╭─ SOURCE MATERIAL

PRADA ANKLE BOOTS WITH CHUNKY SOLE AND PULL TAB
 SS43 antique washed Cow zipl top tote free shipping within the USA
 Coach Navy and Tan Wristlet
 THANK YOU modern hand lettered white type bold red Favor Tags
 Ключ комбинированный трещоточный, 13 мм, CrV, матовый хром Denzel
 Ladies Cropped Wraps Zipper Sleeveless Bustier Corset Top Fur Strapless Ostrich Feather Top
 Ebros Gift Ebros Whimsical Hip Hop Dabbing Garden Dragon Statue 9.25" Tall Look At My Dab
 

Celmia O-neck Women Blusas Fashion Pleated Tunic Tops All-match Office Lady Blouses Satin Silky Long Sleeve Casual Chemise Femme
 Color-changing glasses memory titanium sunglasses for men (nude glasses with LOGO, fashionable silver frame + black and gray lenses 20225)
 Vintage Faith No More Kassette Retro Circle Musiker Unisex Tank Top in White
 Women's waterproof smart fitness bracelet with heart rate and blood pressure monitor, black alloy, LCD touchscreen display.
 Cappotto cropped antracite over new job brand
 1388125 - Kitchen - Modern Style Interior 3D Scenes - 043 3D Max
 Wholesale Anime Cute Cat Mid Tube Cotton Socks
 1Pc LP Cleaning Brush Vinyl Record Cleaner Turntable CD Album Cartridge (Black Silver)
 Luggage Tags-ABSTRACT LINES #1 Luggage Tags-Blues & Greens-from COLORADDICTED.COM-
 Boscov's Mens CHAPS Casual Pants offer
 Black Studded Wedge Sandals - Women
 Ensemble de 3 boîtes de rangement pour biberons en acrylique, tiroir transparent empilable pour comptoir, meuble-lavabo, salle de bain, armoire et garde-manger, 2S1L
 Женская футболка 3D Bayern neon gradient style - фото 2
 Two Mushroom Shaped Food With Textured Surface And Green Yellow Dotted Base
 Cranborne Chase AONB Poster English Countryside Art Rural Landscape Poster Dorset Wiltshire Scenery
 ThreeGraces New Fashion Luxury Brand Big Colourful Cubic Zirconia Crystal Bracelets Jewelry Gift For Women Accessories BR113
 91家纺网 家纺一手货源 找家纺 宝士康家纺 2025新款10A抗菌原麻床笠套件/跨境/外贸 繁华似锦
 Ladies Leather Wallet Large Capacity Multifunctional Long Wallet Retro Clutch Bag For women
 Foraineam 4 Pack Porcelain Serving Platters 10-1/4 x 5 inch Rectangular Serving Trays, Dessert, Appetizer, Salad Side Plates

╰─

[HOW TO COMPLETE THIS TASK]: The records above should be returned exactly.

[WRITTEN ANSWER]:
PRADA ANKLE BOOTS WITH CHUNKY SOLE AND PULL TAB
 SS43 antique washed Cow zipl top tote free shipping within the USA
 Coach Navy and Tan Wristlet
 THANK YOU modern hand lettered white type bold red Favor Tags
 Ключ комбинированный трещоточный, 13 мм, CrV, матовый хром Denzel
 Ladies Cropped Wraps Zipper Sleeveless Bustier Corset Top Fur Strapless Ostrich Feather Top
 Ebros Gift Ebros Whimsical Hip Hop Dabbing Garden Dragon Statue 9.25" Tall Look At My Dab
 

Celmia O-neck Women Blusas Fashion Pleated Tunic Tops All-match Office Lady Blouses Satin Silky Long Sleeve Casual Chemise Femme
 Color-changing glasses memory titanium sunglasses for men (nude glasses with LOGO, fashionable silver frame + black and gray lenses 20225)
 Vintage Faith No More Kassette Retro Circle Musiker Unisex Tank Top in White
 Women's waterproof smart fitness bracelet with heart rate and blood pressure monitor, black alloy, LCD touchscreen display.
 Cappotto cropped antracite over new job brand
 1388125 - Kitchen - Modern Style Interior 3D Scenes - 043 3D Max
 Wholesale Anime Cute Cat Mid Tube Cotton Socks
 1Pc LP Cleaning Brush Vinyl Record Cleaner Turntable CD Album Cartridge (Black Silver)
 Luggage Tags-ABSTRACT LINES #1 Luggage Tags-Blues & Greens-from COLORADDICTED.COM-
 Boscov's Mens CHAPS Casual Pants offer
 Black Studded Wedge Sandals - Women
 Ensemble de 3 boîtes de rangement pour biberons en acrylique, tiroir transparent empilable pour comptoir, meuble-lavabo, salle de bain, armoire et garde-manger, 2S1L
 Женская футболка 3D Bayern neon gradient style - фото 2
 Two Mushroom Shaped Food With Textured Surface And Green Yellow Dotted Base
 Cranborne Chase AONB Poster English Countryside Art Rural Landscape Poster Dorset Wiltshire Scenery
 ThreeGraces New Fashion Luxury Brand Big Colourful Cubic Zirconia Crystal Bracelets Jewelry Gift For Women Accessories BR113
 91家纺网 家纺一手货源 找家纺 宝士康家纺 2025新款10A抗菌原麻床笠套件/跨境/外贸 繁华似锦
 Ladies Leather Wallet Large Capacity Multifunctional Long Wallet Retro Clutch Bag For women
 Foraineam 4 Pack Porcelain Serving Platters 10-1/4 x 5 inch Rectangular Serving Trays, Dessert, Appetizer, Salad Side Plates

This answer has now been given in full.